The post-processed imaging shank, wire-bonded and packaged to be waterproof, links to an field-programmable gate array (FPGA) chip through a 51-wire flat flexible cable. On the FPGA, a microcontroller, state machine, and data-FIFO control the photon collection and frame readout with a maximum rate of 50 kfps (i.e., 20 μs per frame). This rate can be readily increased in future generations. The time-gate filter, implemented as a phase-locked loop (PLL) on the FPGA, can be fine-tuned with a resolution of 140 ps for optimal signal collection. The FPGA then links to a computer through a USB-3 link that displays a real-time representation of photon counts in 3D volume (Choi et al., 2019). To illustrate the speed of our D-pixel imagers, we have recently demonstrated nanosecond-scale fluorescence imaging a standard fluorophore with one of these shanks (Choi et al., 2019; Lee et al., 2019). Accordingly, tracking the fastest of today’s voltage reporters is assured.
Co-Integration of D- and E- pixel arrays
Ultimately, photonic neural probe-array architectures must provide not only dense tissue coverage, they must also be produced by a cost-effective strategy that enables co-integration of their many electronic and photonic sub-components. We foresee four potential phases of technological evolution in this regard. Initially, imaging “modules” will be straightforwardly assembled from separate E-pixel and D-pixel probe layers that are first thinned, and then subsequently stacked back-to-back individually.
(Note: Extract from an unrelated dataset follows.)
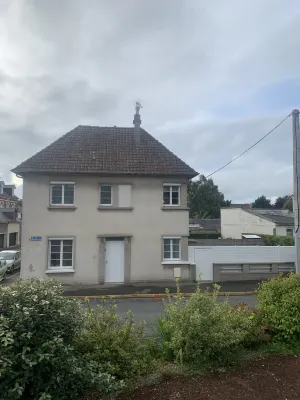 Pleasant town house with free parking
As mentioned above, optimal consolidation of all the separate microscale imaging components for mass production must eschew piecemeal assembly; instead, true wafer-scale co-integration will be required. This must ultimately be achieved at the foundry by heterogeneous (multiple materials) process integration. In the simplest, second phase, the photonic and electronic devices can be separately integrated and subsequently conjoined by wafer-scale bonding. In this case, the photonics layer will include openings to provide access for the underlying D-pixels to clear, photon-collection-path vias. This will enable functionality from both the front and back of the shanks. A third, more complex approach will involve wafer-scale production of the photonics layers in post-process, that is, after the wafers containing the CMOS imagers are foundry-fabricated. This will be executed directly upon the electronics wafer containing the D- pixels arrays and their associated circuitry. The fabrication process must make use of low- temperature SiN processes to avoid compromising the performance of the CMOS imaging elements; PECVD SiN with a 300°C deposition temperature will be employed. Such processing is compatible with CMOS circuits, and the material provides sufficiently low absorption at visible wavelengths (Gorin et al., 2008; Sriram et al., 1983). More recently, even lower temperature (75°C) SiN processes show sufficiently low infrared losses that may translate to the visible (Shao et al., 2016). In an ultimate fourth phase, where production is advanced to cost- effective large-scale manufacturing, 3D integration of separately processed photonics and electronics layers will be employed. This is the most advanced solution with significant up-front costs, but it will provide the highest level of dimensional accuracy, integration density, and device complexity - and, ultimately, enable the lowest per-unit costs once initial engineering expenses are invested. Our approach to this complex undertaking involves the previous three phases; by proceeding through the first three intermediate steps we will ensure success of this final, and most complex, undertaking.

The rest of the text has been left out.